- Supplied data:
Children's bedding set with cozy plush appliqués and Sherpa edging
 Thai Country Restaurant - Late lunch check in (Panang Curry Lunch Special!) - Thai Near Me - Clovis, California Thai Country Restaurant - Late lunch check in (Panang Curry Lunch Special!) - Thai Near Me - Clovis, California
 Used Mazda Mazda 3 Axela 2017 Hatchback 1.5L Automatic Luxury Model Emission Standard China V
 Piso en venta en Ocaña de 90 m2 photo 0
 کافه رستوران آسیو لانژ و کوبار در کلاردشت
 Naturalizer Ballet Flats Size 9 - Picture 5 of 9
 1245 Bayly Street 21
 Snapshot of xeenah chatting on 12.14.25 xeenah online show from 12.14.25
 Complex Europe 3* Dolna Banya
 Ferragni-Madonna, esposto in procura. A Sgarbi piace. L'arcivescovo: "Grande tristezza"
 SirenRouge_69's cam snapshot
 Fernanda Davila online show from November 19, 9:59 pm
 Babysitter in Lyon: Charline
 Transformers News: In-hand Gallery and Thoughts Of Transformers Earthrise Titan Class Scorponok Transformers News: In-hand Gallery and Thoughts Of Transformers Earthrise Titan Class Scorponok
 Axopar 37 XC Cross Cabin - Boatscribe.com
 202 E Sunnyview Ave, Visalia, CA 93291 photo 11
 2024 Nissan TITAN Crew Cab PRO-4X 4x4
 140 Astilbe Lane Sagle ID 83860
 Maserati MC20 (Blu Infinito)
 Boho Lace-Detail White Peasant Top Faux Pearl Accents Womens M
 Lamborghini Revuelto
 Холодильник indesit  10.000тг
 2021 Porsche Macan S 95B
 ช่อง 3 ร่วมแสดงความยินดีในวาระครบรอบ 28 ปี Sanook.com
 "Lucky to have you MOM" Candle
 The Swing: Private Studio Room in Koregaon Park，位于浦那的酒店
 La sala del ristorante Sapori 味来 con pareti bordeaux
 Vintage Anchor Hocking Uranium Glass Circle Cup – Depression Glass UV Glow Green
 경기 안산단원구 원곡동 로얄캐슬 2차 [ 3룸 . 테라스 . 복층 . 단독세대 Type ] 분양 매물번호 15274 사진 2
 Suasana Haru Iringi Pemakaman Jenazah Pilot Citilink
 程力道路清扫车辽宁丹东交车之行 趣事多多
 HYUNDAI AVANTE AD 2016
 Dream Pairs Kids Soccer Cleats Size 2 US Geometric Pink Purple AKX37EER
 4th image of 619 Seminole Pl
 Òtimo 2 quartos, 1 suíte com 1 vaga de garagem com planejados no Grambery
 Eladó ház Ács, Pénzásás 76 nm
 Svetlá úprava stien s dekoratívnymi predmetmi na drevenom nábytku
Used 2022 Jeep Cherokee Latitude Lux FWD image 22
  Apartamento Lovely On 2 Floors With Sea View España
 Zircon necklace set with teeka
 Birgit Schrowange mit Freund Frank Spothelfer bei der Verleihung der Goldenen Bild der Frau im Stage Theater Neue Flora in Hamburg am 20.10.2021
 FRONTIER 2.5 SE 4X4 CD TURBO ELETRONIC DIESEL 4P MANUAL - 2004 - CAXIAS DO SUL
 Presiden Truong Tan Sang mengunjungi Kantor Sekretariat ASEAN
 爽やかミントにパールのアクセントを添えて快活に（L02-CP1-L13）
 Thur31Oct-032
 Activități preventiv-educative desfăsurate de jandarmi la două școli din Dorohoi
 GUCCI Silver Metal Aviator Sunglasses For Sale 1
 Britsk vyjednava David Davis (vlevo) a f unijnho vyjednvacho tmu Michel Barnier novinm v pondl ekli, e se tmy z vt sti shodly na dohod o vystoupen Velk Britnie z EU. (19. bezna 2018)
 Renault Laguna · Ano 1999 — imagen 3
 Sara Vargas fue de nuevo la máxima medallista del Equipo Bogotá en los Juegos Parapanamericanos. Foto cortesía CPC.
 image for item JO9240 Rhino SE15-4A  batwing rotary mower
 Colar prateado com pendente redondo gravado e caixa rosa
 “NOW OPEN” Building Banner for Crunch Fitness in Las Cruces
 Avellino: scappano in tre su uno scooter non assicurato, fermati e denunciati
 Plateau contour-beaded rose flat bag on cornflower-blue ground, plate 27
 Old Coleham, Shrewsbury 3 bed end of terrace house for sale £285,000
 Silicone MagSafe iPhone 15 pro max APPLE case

- Problem details:
Within the listing above, the range opens at the line with "ช่อง 3 ร่วมแสดงความยินดีในวาระครบรอบ" and closes at the line with "Dream Pairs Kids". Reproduce exactly the lines of that range, including both ends.

- Solved problem:
 ช่อง 3 ร่วมแสดงความยินดีในวาระครบรอบ 28 ปี Sanook.com
 "Lucky to have you MOM" Candle
 The Swing: Private Studio Room in Koregaon Park，位于浦那的酒店
 La sala del ristorante Sapori 味来 con pareti bordeaux
 Vintage Anchor Hocking Uranium Glass Circle Cup – Depression Glass UV Glow Green
 경기 안산단원구 원곡동 로얄캐슬 2차 [ 3룸 . 테라스 . 복층 . 단독세대 Type ] 분양 매물번호 15274 사진 2
 Suasana Haru Iringi Pemakaman Jenazah Pilot Citilink
 程力道路清扫车辽宁丹东交车之行 趣事多多
 HYUNDAI AVANTE AD 2016
 Dream Pairs Kids Soccer Cleats Size 2 US Geometric Pink Purple AKX37EER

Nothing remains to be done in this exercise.